Optimal Classification of Lung Cancer Related Genes using Enhanced reliefF Algorithm and Multiclass Support Vector Machine
Author(s) -
Ashok Kumar Patil,
Siddanagoda S Patil,
M Prabhakar
Publication year - 2019
Publication title -
international journal of innovative technology and exploring engineering
Language(s) - English
Resource type - Journals
ISSN - 2278-3075
DOI - 10.35940/ijitee.j8901.0881019
Subject(s) - support vector machine , computer science , classifier (uml) , artificial intelligence , curse of dimensionality , gene selection , feature selection , multiclass classification , word error rate , machine learning , firefly algorithm , pattern recognition (psychology) , algorithm , data mining , gene , gene expression , biology , genetics , microarray analysis techniques , particle swarm optimization
Currently, the automatic lung cancer classification remains a challenging issue for the researchers, due to noisy gene expression data, high dimensional data, and the small sample size. To address these problems, an enhanced gene selection algorithm and multiclass classifier are developed. In this research, the lung cancer-related genes (GEO IDs: GSE10245, GSE19804, GSE7670, GSE10072, and GSE6044) were collected from Gene Expression Omnibus (GEO) dataset. After acquiring the lung cancer-related genes, gene selection was carried out by using enhanced reliefF algorithm for selecting the optimal genes.
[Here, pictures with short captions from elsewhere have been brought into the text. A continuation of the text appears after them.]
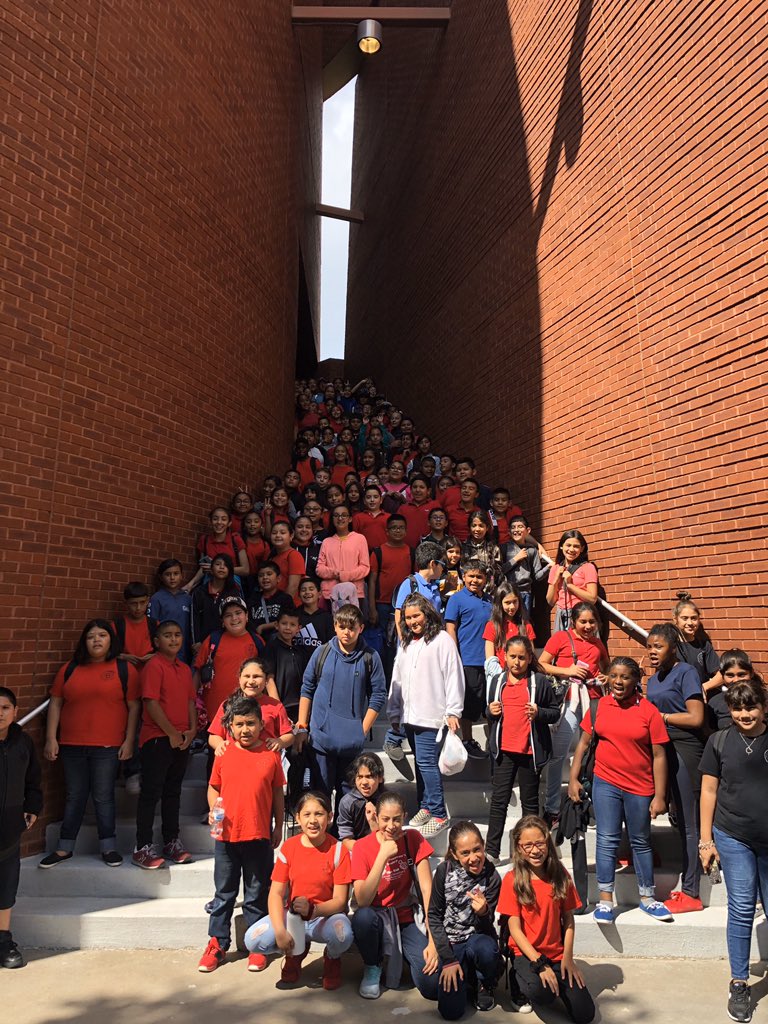 Ashleigh Turner tweet media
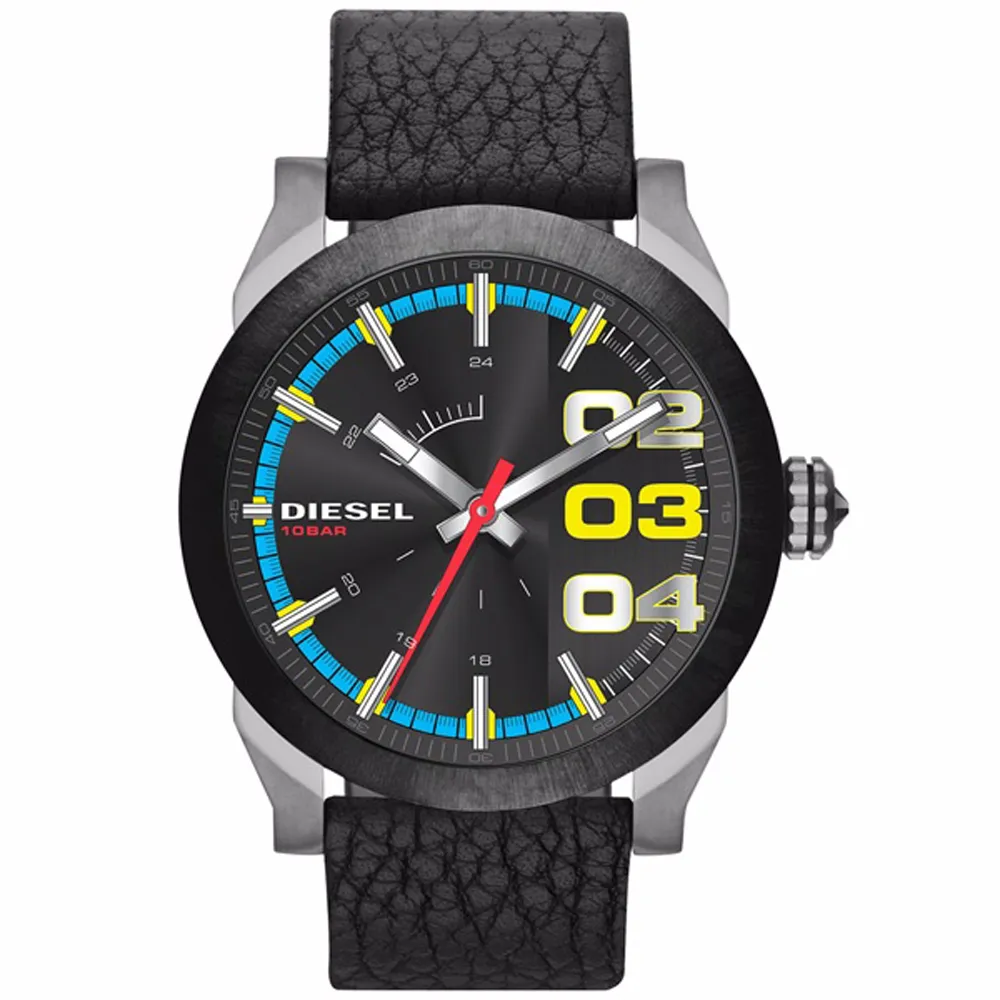 DIESEL時尚金屬漸層框DL4098 880100001239 再生工場YR1907 04 歷史價格詳細信息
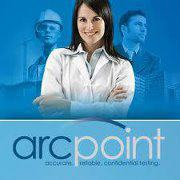 ARCpoint Labs of Spokane Image
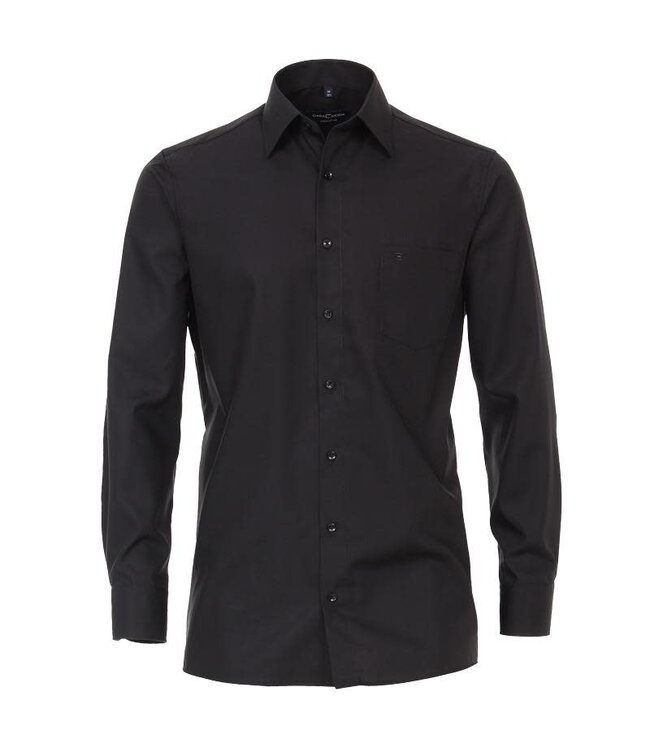 CASA MODA Hemd langarm - P-19860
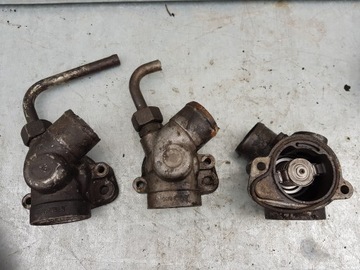 DEUTZ BF4M1012E STILL R70 35 40 45 TERMOSTAT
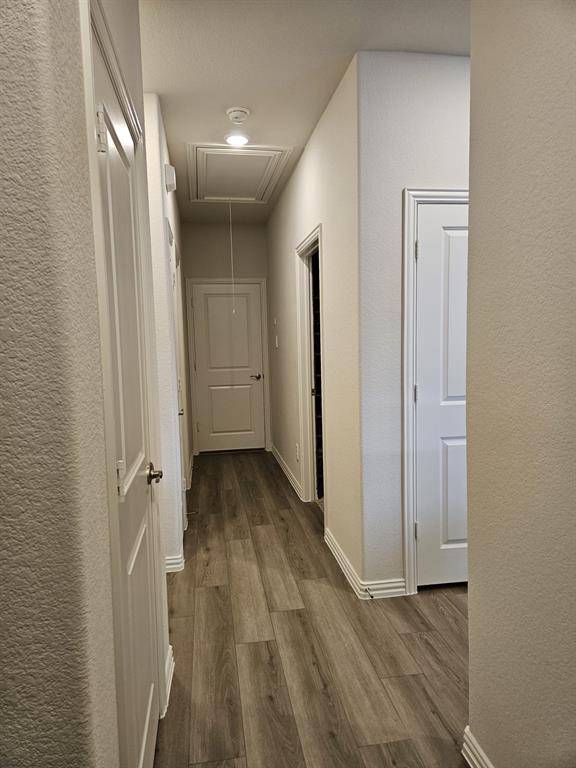 Farmersville, TX 75442,3716 Cisco Drive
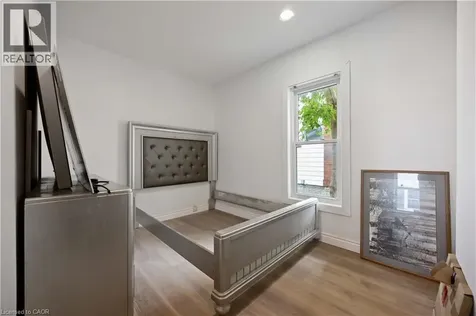 173 Brock Street South Sarnia ON N7T 2W3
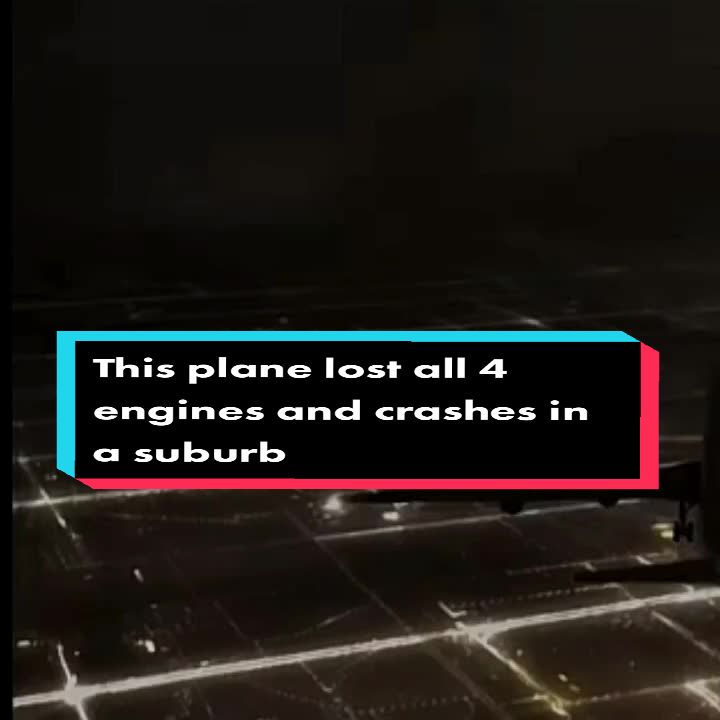 @🛩 Aviation Stories 🛩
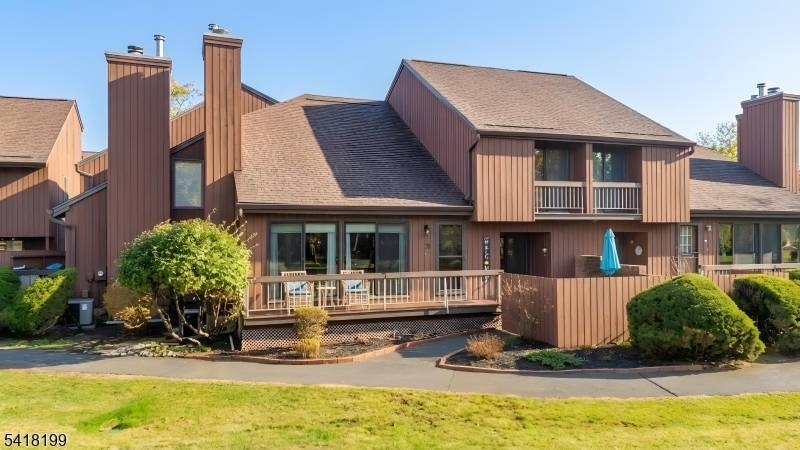 Welcome to this beautifully updated 2 bedroom, 2.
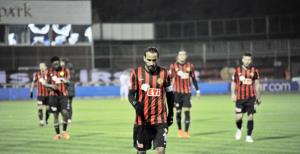 Adım adım KARANLIĞA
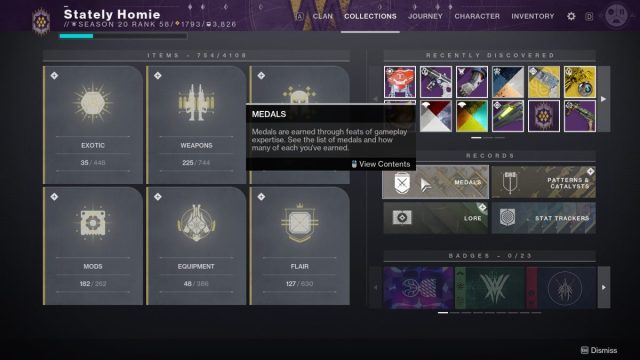 How to get a platinum score in Guardian Games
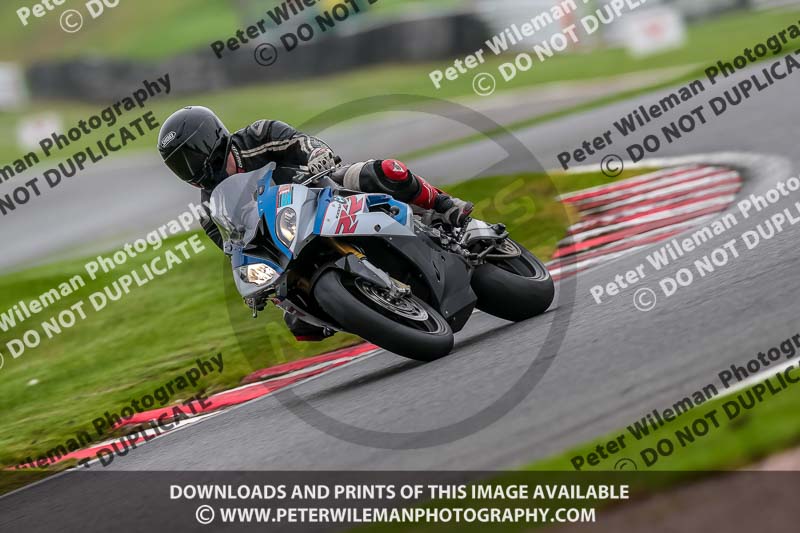 PJ Motorsport Photography 2018;anglesey;brands hatch;cadwell park;croft;donington park;enduro digital images;event digital images;eventdigitalimages;mallory;no limits;oulton park;peter wileman photography;racing digital images;silverstone;snetterton;trackday digital images;trackday photos;vmcc banbury run;welsh 2 day enduro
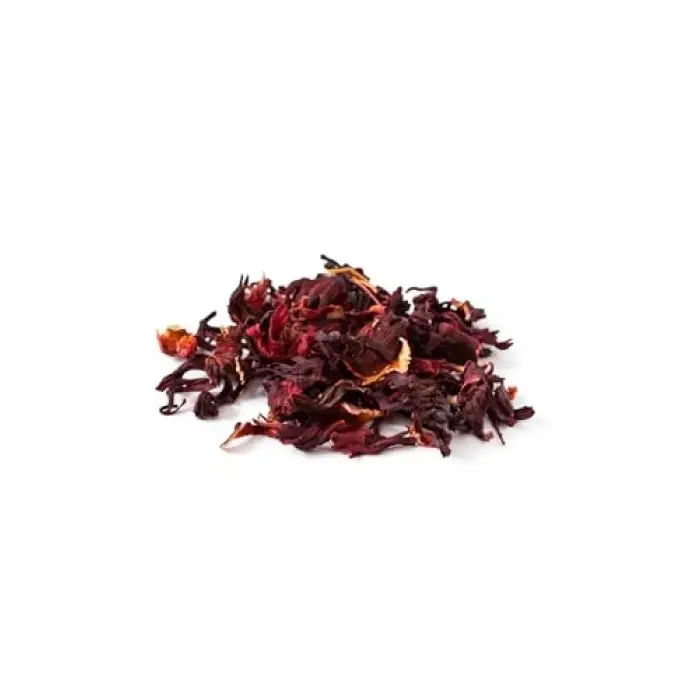 Çiçek Hibiskus Çayı 100 g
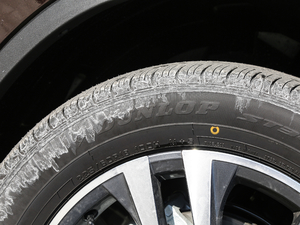 20182.5L (q)F (x)(ji)^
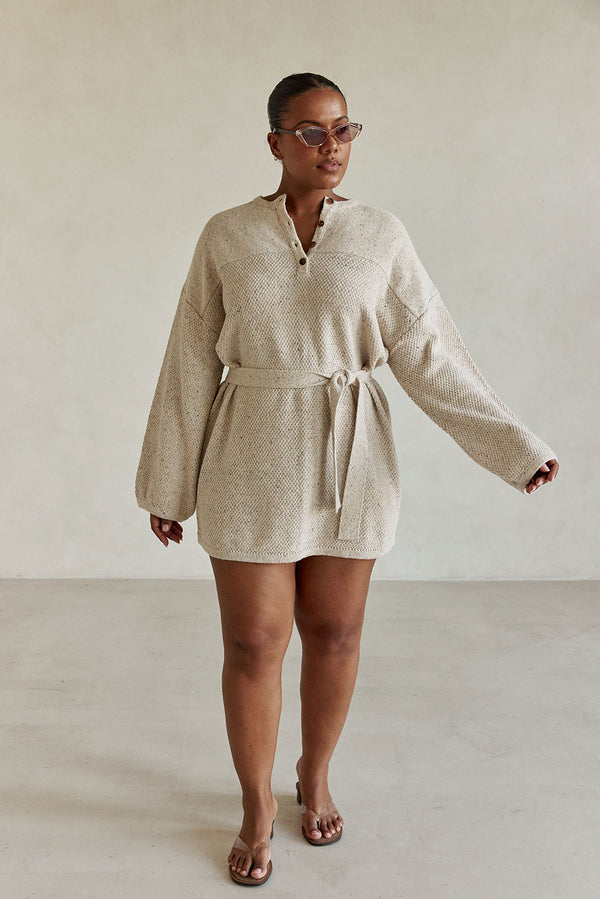Shop Women's Summer Dresses Online Australia SABO Shop Women's Summer Dresses Online Australia SABO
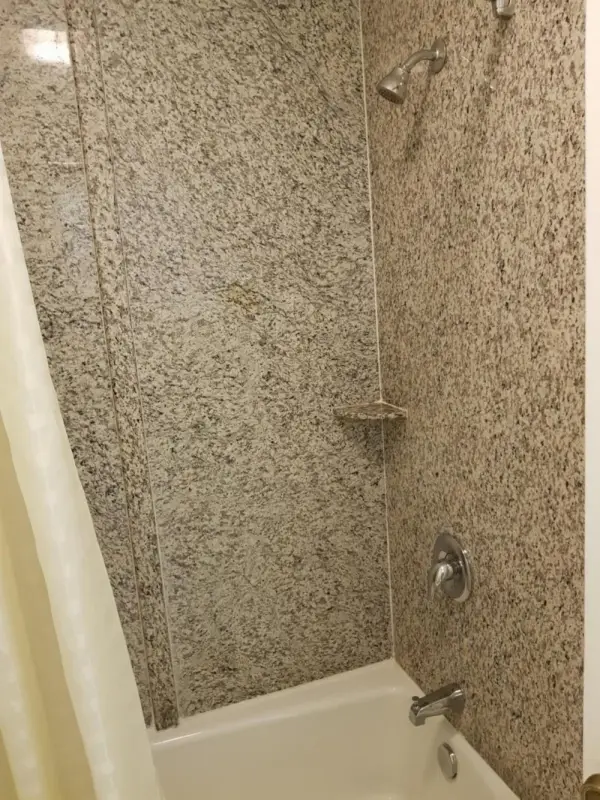 El Segundo Inn 4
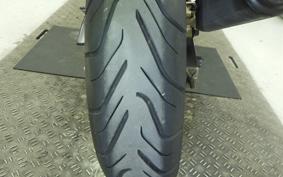 HONDA VTR 250 MC33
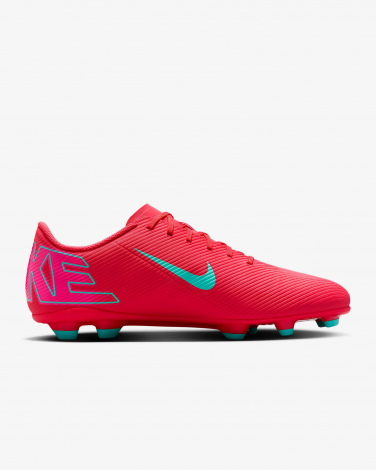 Бутсы Nike Vapor 16 Club Fg/Mg
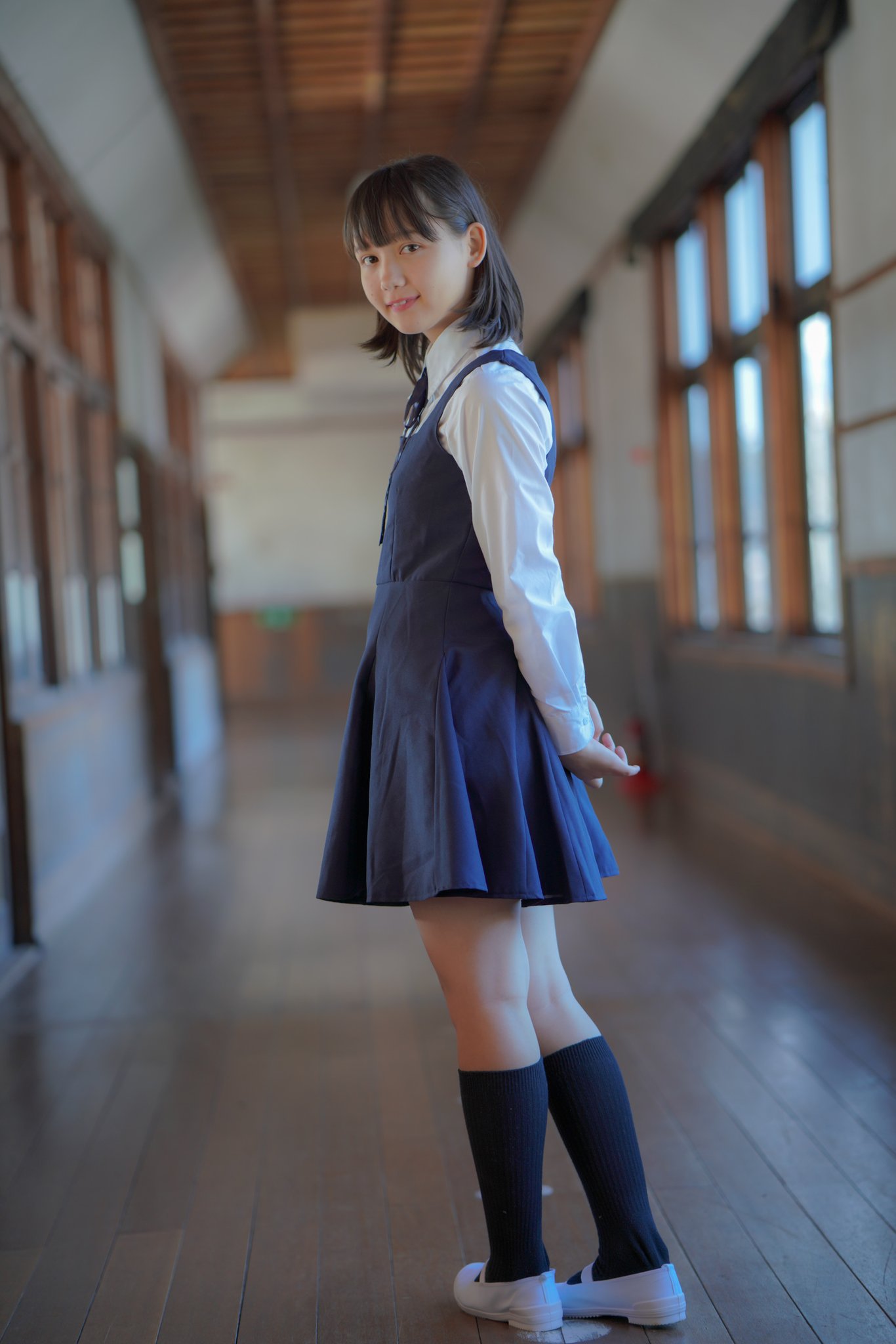 福知杏🪷ふくちゃん💐 on X: 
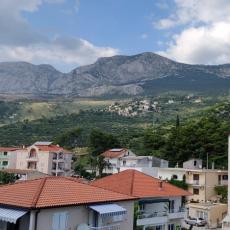 IMG_20190625_170605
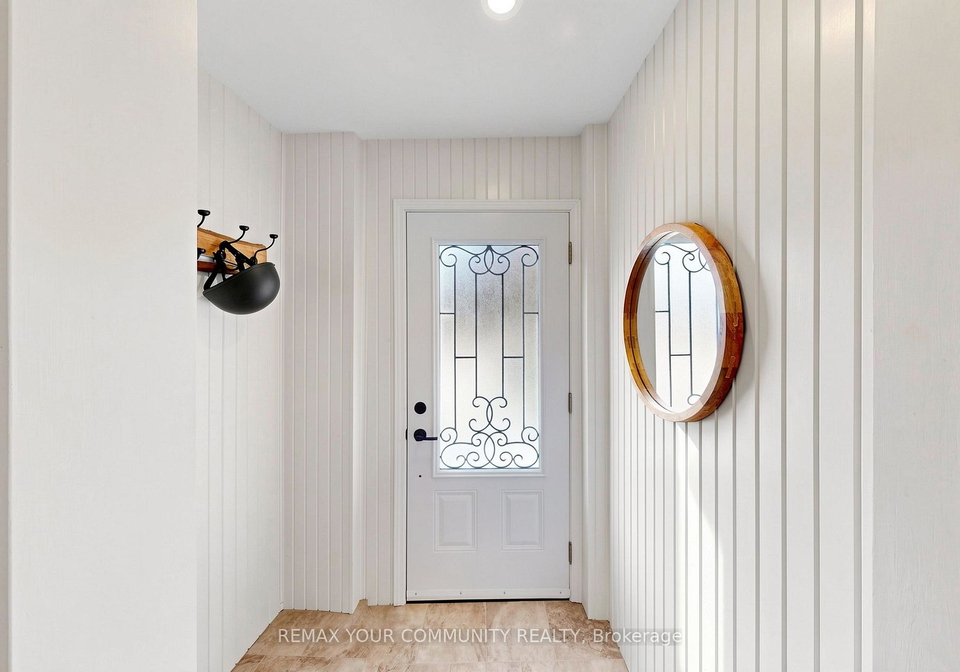 1746-listowell-crescent-pickering-ontario-e13480196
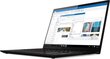 Lenovo ThinkPad X1 Nano G1 (20UN002VPB) hinta ja tiedot | Kannettavat tietokoneet | hobbyhall.fi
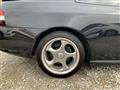 2000 Honda Prelude
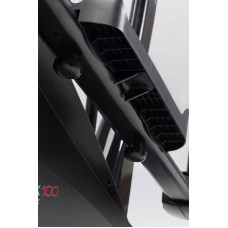 Орбітрек Toorx Elliptical ERX 100, код: 929478-SVA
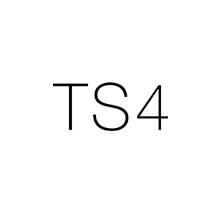 Serie TS4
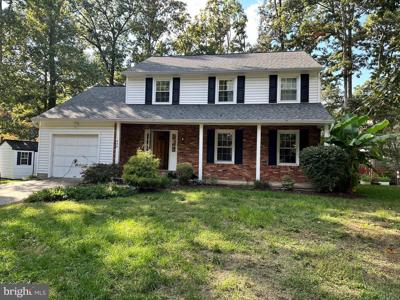 448 CROXTON COURT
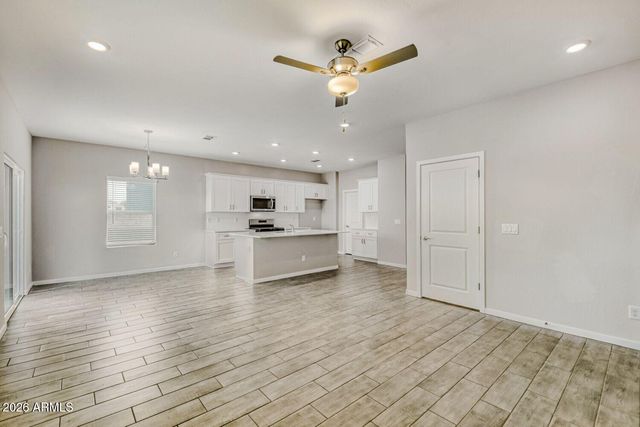 36766 W NINA Street, Maricopa, AZ 85138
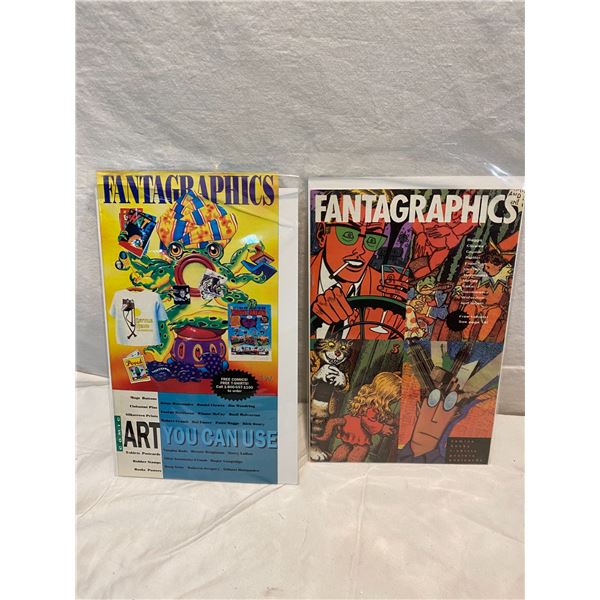 Fantagraphicscomics (2)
In enhanced reliefF gene selection algorithm, earthmover distance measure and firefly optimizer were used instead of Manhattan distance measure for identifying the nearest miss and nearest hit instances, which significantly lessens the “curse of dimensionality” issue. These optimal genes were given as the input for Multiclass Support Vector Machine (MSVM) classifier for classifying the sub-classes of lung cancer. The experimental section showed that the proposed system improved the classification accuracy up to 3-10% related to the existing systems in light of accuracy, False Positive Rate (FPR), error rate, and True Positive Rate (TPR).